**WORK INSTRUCTIONS:** What is needed is a word-for-word copy of every record below, minus the pictures.
*** Opening EXTRACTED DATA ***
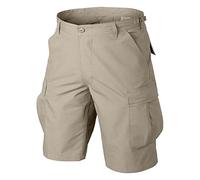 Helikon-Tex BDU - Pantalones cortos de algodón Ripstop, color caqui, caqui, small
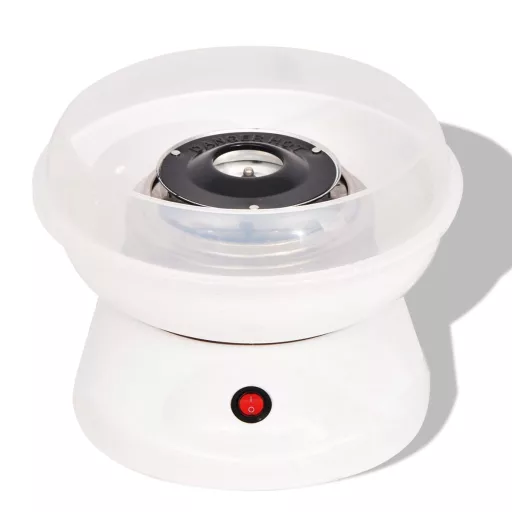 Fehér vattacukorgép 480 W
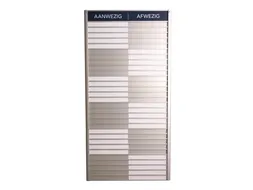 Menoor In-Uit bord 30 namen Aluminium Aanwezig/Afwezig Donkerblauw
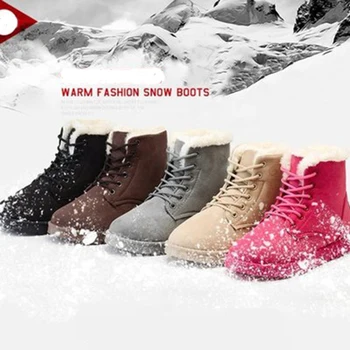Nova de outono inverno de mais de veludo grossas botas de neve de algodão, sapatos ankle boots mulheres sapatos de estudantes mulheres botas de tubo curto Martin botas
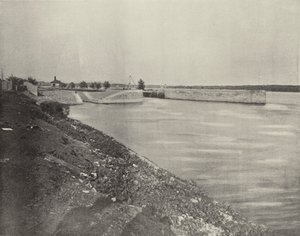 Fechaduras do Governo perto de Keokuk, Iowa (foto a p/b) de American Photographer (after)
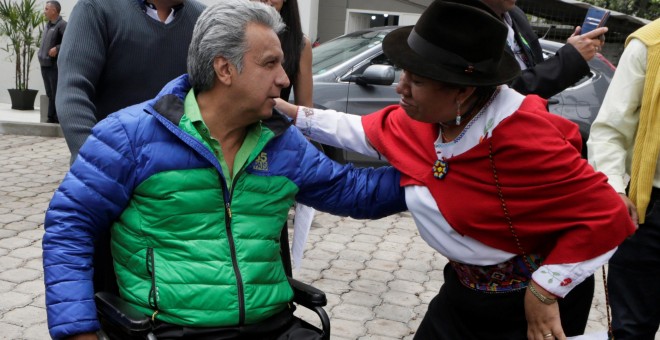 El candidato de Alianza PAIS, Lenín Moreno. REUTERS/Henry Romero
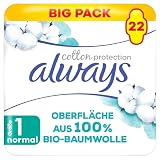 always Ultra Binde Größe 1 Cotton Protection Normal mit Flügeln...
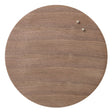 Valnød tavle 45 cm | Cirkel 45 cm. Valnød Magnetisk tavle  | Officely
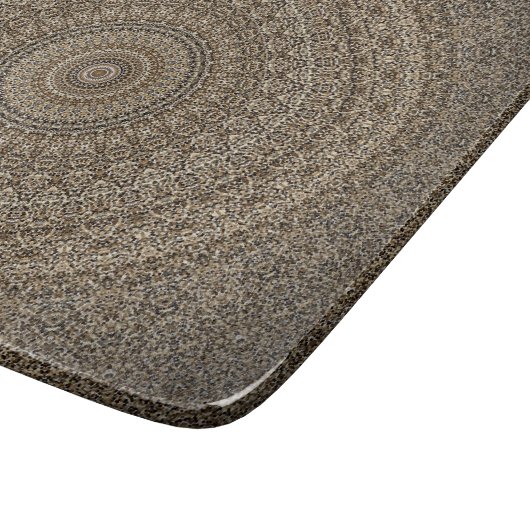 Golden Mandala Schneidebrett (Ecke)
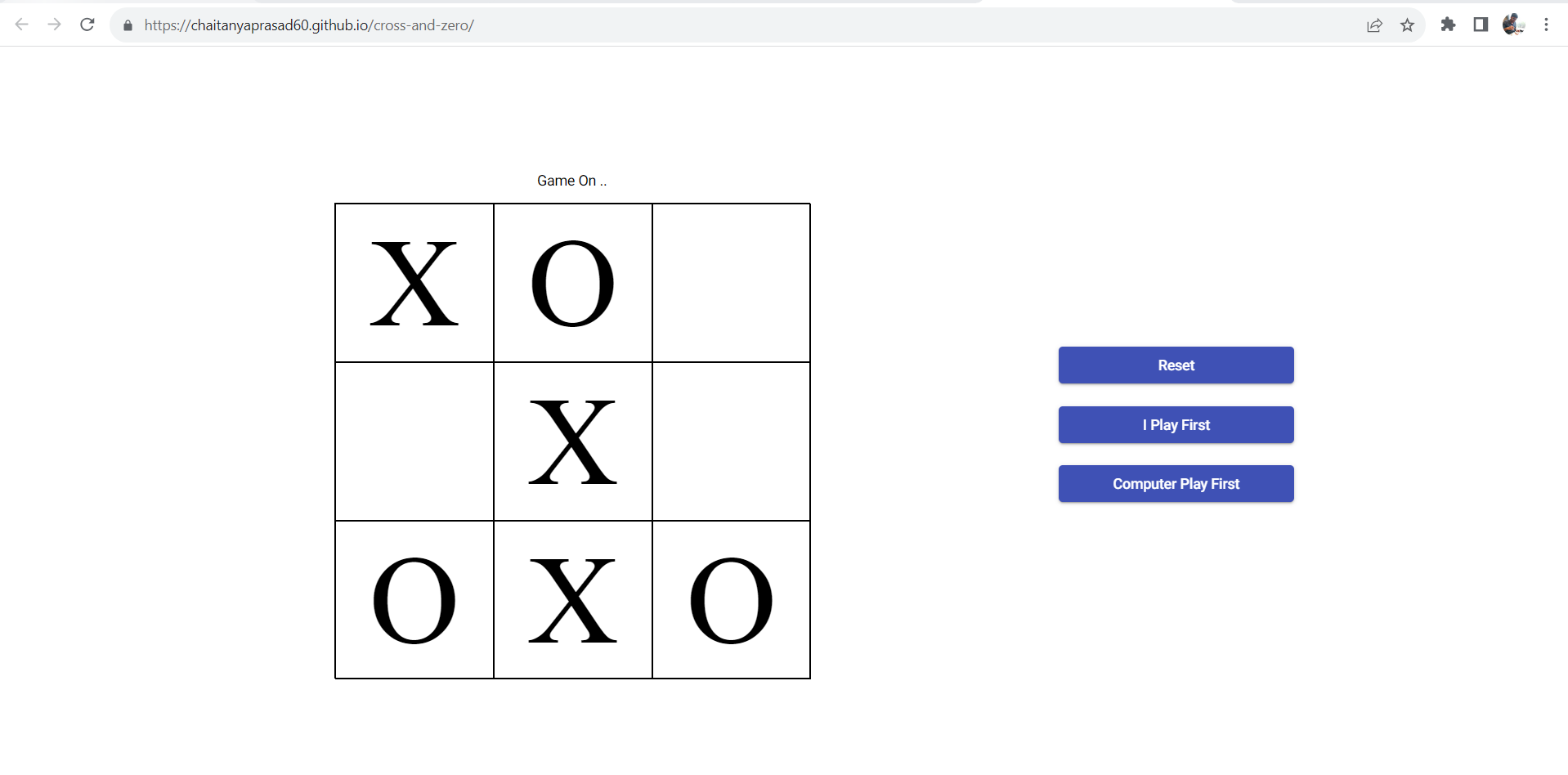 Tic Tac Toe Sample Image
*** Closing EXTRACTED DATA ***
**ANSWER BOX:**
 Helikon-Tex BDU - Pantalones cortos de algodón Ripstop, color caqui, caqui, small
 Fehér vattacukorgép 480 W
 Menoor In-Uit bord 30 namen Aluminium Aanwezig/Afwezig Donkerblauw
Nova de outono inverno de mais de veludo grossas botas de neve de algodão, sapatos ankle boots mulheres sapatos de estudantes mulheres botas de tubo curto Martin botas
 Fechaduras do Governo perto de Keokuk, Iowa (foto a p/b) de American Photographer (after)
 El candidato de Alianza PAIS, Lenín Moreno. REUTERS/Henry Romero
 always Ultra Binde Größe 1 Cotton Protection Normal mit Flügeln...
 Valnød tavle 45 cm | Cirkel 45 cm. Valnød Magnetisk tavle  | Officely
 Golden Mandala Schneidebrett (Ecke)
 Tic Tac Toe Sample Image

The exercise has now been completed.